Ten minutes with Glenn Howells Architects
Ten minutes with director David Henderson from London and Birmingham based Glenn Howells Architects
London’s relationship with the Thames has changed
Awareness of the Thames moved from being a functional entity (dock, wharf, sewer etc) to an urban treasure sometime around the 80’s when people started to think twice before infilling docks and then developed masterplans orientated explicitly towards the river. Our project in Leamouth is part of the next generation of development looking to revive the tributaries and lost rivers by getting them out of culverts and activating their edges. The dramatic meander of the Lea just before it joins the Thames was much too great an opportunity to ignore and it is a much more significant driver for the geometry of City Island than just imposing a grid over the land.
My Thames
Crossing the bridges, especially from Waterloo Bridge to London Bridge is still as thrilling as when I first worked in London in the 80’s. On numerous occasions, I might suddenly catch an amazing quality of light or stunning sunset. We might have been living and working in the fringes but any journey from north to south and back was an instant reminder that we were citizens of a proper world city and it was all laid out for us from the top deck of the bus.
Royal Wharf is an entire new neighbourhood along the riverfront
Probably the biggest challenge was to avoid two common pitfalls of developing a whole district on this scale, i.e avoiding the monotony of having every block look alike or conversely, having it become an architectural zoo of competing architectural styles.
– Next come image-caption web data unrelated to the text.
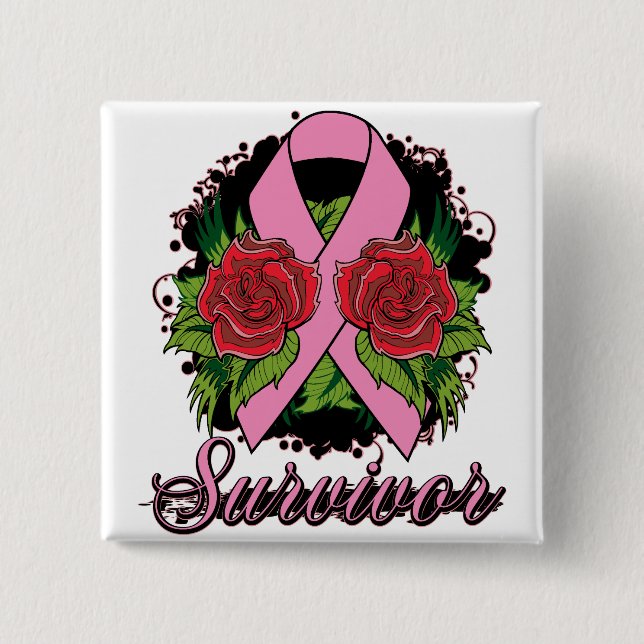Breast Cancer Survivor Rose Tattoo 15 Cm Square Badge (Front)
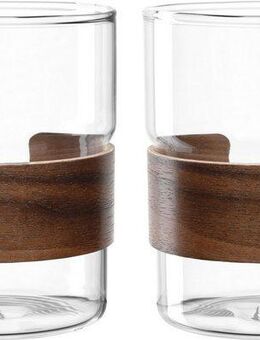 LEONARDO Becher NOVO LEGNO, 2er Set, 2-tlg., Glas, Holz, Becher mit Holzspange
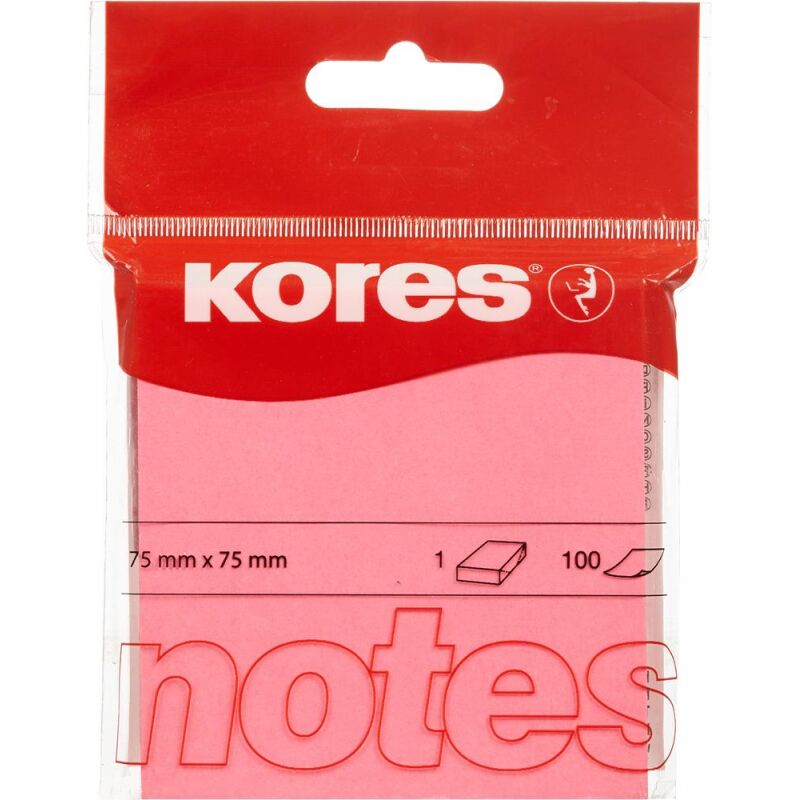 Стикеры Kores бум.для зам. 75х75 неоновая розовая 100л. &#039;47075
Working with a small number of like-minded architects and a limited palette of materials, housing typologies and approach to elements like windows and balconies, we wanted to achieve the right kind of background architecture, punctuated by taller scale blocks and a variety of different open spaces.
The site extends quite a long way back from the river to the DLR. Rather than just propose linear blocks of housing, perpendicular to the river in the hope that they could all claim a river view, we proposed a boulevard parallel to the river to give the “inland” blocks their own focus. This links diagonally back to the river via an urban square which provides orientation within the neighbourhood and an awareness of the river without it having to try and become the main event.
Things in the UK have changed
Birmingham, Manchester, Liverpool are certainly all being driven forward by a great deal of confidence, energy and vision. I think this is more of a characteristic than a particular regional style or architectural direction. At one time, Birmingham and Manchester were probably viewed from London as provincial outposts and the feeling may have been that one had to come to London to get exposed to the top projects. This has definitely changed.
London City Island homes are being built with Dutch prefabricated panels
Prefabrication at scale requires a supply chain with technical design expertise backed up by the appropriate manufacturing environment. I don’t know too much detail about the post war housing crisis but the technical failings of the prefabricated blocks clearly left a huge black mark against the whole idea of offsite construction and so perhaps the UK just didn’t get a chance to scale up. Other European countries seemed to encounter less of the technical and social failings associated with large scale prefabrication and so developed and maintained expertise. The fact of another housing crisis has forced a re-evaluation in the UK in order to achieve the numbers.
At City Island, a big proportion of the first phase of development had either been presold or was to deliver some of the affordable housing component and so speed of construction became a major driver. The other obvious benefits were that build quality was very good and that, on a restricted site, elements could be delivered on a just in time basis and craned more or less directly into place.
We are a studio that sketch
When we are presenting projects in the studio or at design reviews, we often take time to remind each other, especially if someone has done a great sketch, that there is a judgement to be made about what tool is appropriate at any particular time to use in presenting ideas. Very often, this means unplugging the mouse and picking up a pen. We work in open plan studios in both Birmingham and London and have large tables where people are continually sketching, both loosely and to scale and so it creates an environment where everyone is constantly aware that it is an essential part of how we do our jobs. We have held organised structured sketching lessons within the studio occasionally and sketching technique has also been a part of our own in house CPD sessions held on Friday mornings.